**DIRECTIONS FOR THIS TASK**
In the listing that follows, the lines starting at the one containing "İzmir'de drone destekli motosiklet denetimi!" and ending at the one containing "abs weight loss pills" are to be returned exactly, both boundary lines included, and no others.

TASK MATERIAL Start Marker

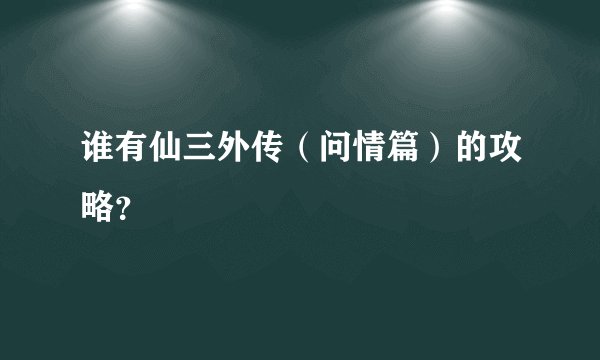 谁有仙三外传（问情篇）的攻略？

TASK MATERIAL End Marker
TASK MATERIAL Start Marker

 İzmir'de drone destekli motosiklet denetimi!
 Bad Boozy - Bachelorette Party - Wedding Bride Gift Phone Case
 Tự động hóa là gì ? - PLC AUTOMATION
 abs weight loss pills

TASK MATERIAL End Marker

**FINISHED EXERCISE**
 İzmir'de drone destekli motosiklet denetimi!
 Bad Boozy - Bachelorette Party - Wedding Bride Gift Phone Case
 Tự động hóa là gì ? - PLC AUTOMATION
 abs weight loss pills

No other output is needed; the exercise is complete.